I think I am missing

I think I am missing something
I am unfamiliar with Pat Buchanan’s politics, but I know he is Catholic. I heard him speak a few times, and I thought he made some sense. My personal favourite Catholic presidential hopeful was Alan Keyes, however.
The other day I got the Roman Catholic Books catalog in the mail. I usually enjoy flipping through it. I stopped short at an advertisement for Pat Buchanan’s book Death of the West. I have not read the book, so I am not offering a critique. The ad did scare me a bit. Am I overreacting, or missing something?

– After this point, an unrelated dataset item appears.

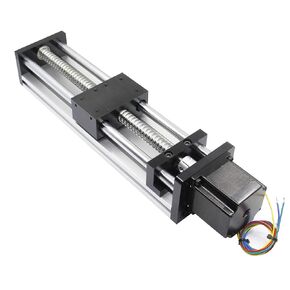 200mm Effective Travel Length Double Optical Axis Guide Ballscrew SFU1605 Hand Crank for DIY CNC Router Parts X Y Z Linear Stage Actuator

Collapsing birth rates and native populations… out-of-control immigration… a process of “de-Christianization”
With electrifying prose and massive documentation, Buchanan reveals:
* How collapsing birth rates in Western nations, coupled with skyrocketing birth rates among Muslims, Asians and other Third World peoples will soon cause cataclysmic shifts in world power
* How uncontrolled immigration is changing the composition of the U.S. and European nations in ways that threaten their survival
* How our cultural institutions have been deliberately and systematically undermining the foundation beliefs and traditions of American and Western civilization for years
* Why aging populations will force developed nations to choose between mass immigration and mass euthanasia
* Why the Christian majority in America was routed — with help from its own clergy
* Why young women are not having children in America and Europe
* Empty churches, full mosques: the long-term implications for the post-Christian West
* Why immigrants from Mexico will never assimilate
* Why the GOP may be history by 2010
* Six terrible consequences of the overthrow of the moral order
* Five ways you can enlist now in the battle to preserve Christian America
* The single most important cause for 21st-century conservatives
* The “absolute correlation” between religious faith and large families — and between loss of faith and population decline
* Empty doomsaying? “The Death of the West is not a prediction of what is going to happen,” Buchanan clarifies, “it is a depiction of what is happening now. First World Nations are dying. They face a mortal crisis, not because of something happening in the Third World, but because of what is not happening at home and in the homes of the First World.”

Emphasis added.Now, I understand how there are problems that are the decline of Christianity, such as birth control, but what’s this whole native populations deal? Isn’t Christianity for all? I am lost here, or am I being overly liberal/sensitive. I personally think that the decline of Christianity has more to do with bad formation then immigrants, but that is just my opinion.